Ce qui est moins mis en avant dans la promotion du créole, c’est la revendication ethnique et culturelle de la population qui se définit comme créolophone. Or, pour de nombreux protagonistes du débat, c’est la raison principale pour introduire le créole en milieu scolaire. Une langue est une composante essentielle d’une culture et il est tout à fait légitime pour ceux qui le souhaitent de promouvoir le créole et de l’utiliser comme moyen d’expression dans les écrits, les chansons, le théâtre, etc. Mais on ne peut pas prétendre imposer la définition de ce qui est patois ou langue à toute la population même si le parrain de grafilarmoni porte son œuvre à l’Eglise d’abord avant de le présenter au peuple. Pour de nombreux Mauriciens, le créole reste un patois qu’ils utilisent tout en refusant de s’aventurer dans le politiquement correct qui prétend mettre toutes les langues sur le même piédestal. Il y a suffisamment de démagogues parmi les intellectuels et les politiciens pour le faire.

Inutile de rajouter que chez les défenseurs du créole qui se trouvent dans les îles à majorité créole, c’est plus une revendication identitaire que linguistique car ceux-là préfèrent, en général, s’exprimer en français. De dire qu’ils réussissent à faire gober à Maurice et même par les politiciens ce qui leur est refusé chez eux! La docilité et la naïveté du bon peuple à Maurice…

Et qui vous dit que dans le long terme, il n’y a pas des intentions inavouées de programmer la destruction des autres apports linguistiques du pays ?

Dans la mesure où une langue est associée à une ethnie et cette ethnie est minoritaire, on se permet de s’interroger sur la pertinence d’une réclamation future d’en faire une langue nationale officielle et d’en introduire l’usage au Parlement. Ça n’existe nulle part dans le monde. Pourquoi à Maurice?

On peut aussi remettre en question l’approche utilitaire qui est faite du créole dans la hiérarchisation des langues. En quoi l’approche utilitaire devrait-elle prédominer sur les autres manières de vivre une langue? Qui a l’autorité pour en décider?

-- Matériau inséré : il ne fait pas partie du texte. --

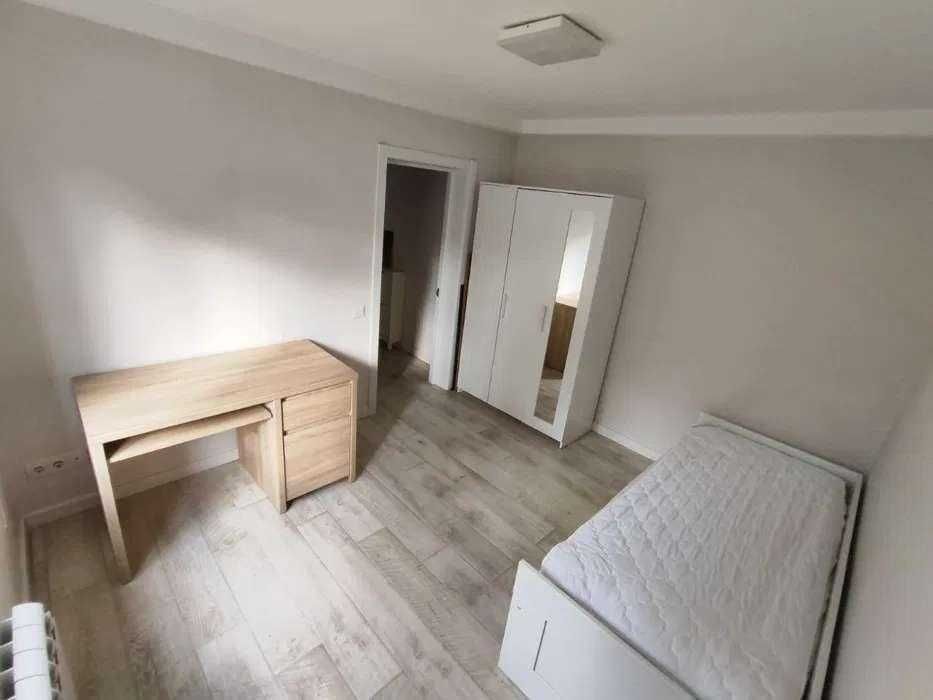 Дава се под наем Тристаен апартамент в София, Зона Б-18 - 90 кв.м за 797.64 € - Снимка #4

Par paresse intellectuelle, la qualité des langues parlées se dégrade dans leur pays d’origine. Dans le contexte local, le relâchement dans l’effort intellectuel requis pour parler des langues bien structurées qui contribuent à la formation intellectuelle et spirituelle d’un grand nombre d’entre nous a permis au créole de se répandre.

L’autre mensonge consiste à comparer le créole aux langues régionales anglaises ou françaises, telles que le gaélique, ou le breton alors que celles-ci sont ancrées et nourries par une culture ancienne forte et riche en légendes. Dans le cas du créole, il y a eu oubli de la culture d’origine. Ce n’est pas comparable.

La plus grande imposture consiste à faire croire qu’une langue commune entre différentes ethnies a une valeur d’unité nationale. Si c’était vrai, les descendants d’esclaves aux Etats-Unis n’auraient pas attendu cent ans après l’abolition de l’esclavage pour obtenir des droits civiques. Et pourtant, ils avaient tout adopté de leurs anciens maîtres: langue, religion, tenue vestimentaire, etc. De même, le créole n’unit pas les différentes ethnies assimilées des sociétés à majorité créole dans les départements français. Les Mauriciens ne parlaient-ils pas tous le créole lors des émeutes de 1968 ou 1999?

Le temps est un facteur important dans l’évolution des langues. Est-ce urgent de faire d’un patois une langue prématurée?